Feasibility and Effectiveness of System Redesign for Diabetes Care Management in Rural Areas

The Eastern North Carolina Experience

Paul Bray, MA, Melissa Roupe, MSN, RN, Sandra Young, MSN, RN, Jolynn Harrell, BSN, Doyle M. Cummings, PharmD, FCP, FCCP and Lauren M. Whetstone, PhD

From the University Health Systems of Eastern Carolina, Greenville, North Carolina (Mr Bray, Ms Roupe, Ms Young, and Ms Harrell); Brody School of Medicine at East Carolina University, Greenville, North Carolina (Dr Cummings and Dr Whetstone); and the University of North Carolina at Chapel Hill, School of Pharmacy (Dr Cummings).

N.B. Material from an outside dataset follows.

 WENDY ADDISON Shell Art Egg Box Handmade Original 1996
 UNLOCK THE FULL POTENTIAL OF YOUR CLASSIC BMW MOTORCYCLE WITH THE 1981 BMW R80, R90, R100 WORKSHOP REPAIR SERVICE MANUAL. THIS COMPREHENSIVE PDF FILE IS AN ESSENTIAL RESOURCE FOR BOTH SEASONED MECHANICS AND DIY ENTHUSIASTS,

Correspondence to Paul Bray, MA, University Health Systems–Bertie Memorial Hospital, 2100 Stantonsburg Road, Greenville, NC 27834 (pbray{at}pcmh.com).

Purpose

Redesigning the system of care for the management of patients with type 2 diabetes mellitus has not been well studied in rural communities with a significant minority population and limited health care resources. This study assesses the feasibility and potential for cost-effectiveness of restructuring care in rural fee-for-service practices for predominantly minority patients with diabetes mellitus.

Methods

This was a feasibility study of implementing case management, group visits, and electronic registry in 5 solo or small group primary care practices in rural North Carolina. The subjects were 314 patients with type 2 diabetes mellitus (mean age = 61 years; 72% African American; 54% female). An advanced practice nurse visited each practice weekly for 12 months, provided intensive diabetes case management, and facilitated a 4-session group visit educational program. An electronic diabetes registry and visit reminder systems were implemented.

Results

There was an improvement in the percentage of patients achieving diabetes management goals and an improvement in productivity and billable encounters. The per-centage of patients with a documented self-management goal increased from 0% to 42%, a currently documented lipid panel from 55% to 76%, currently documented aspirin use from 25% to 37%, and currently documented foot examination from 12% to 54%. The average daily encounter rate improved from 20.17 to 31.55 on intervention days.

Conclusions

A redesigned care delivery system that uses case management with structured group visits and an electronic registry can be successfully incorporated into rural primary care practices and appears to significantly improve both care processes and practice productivity.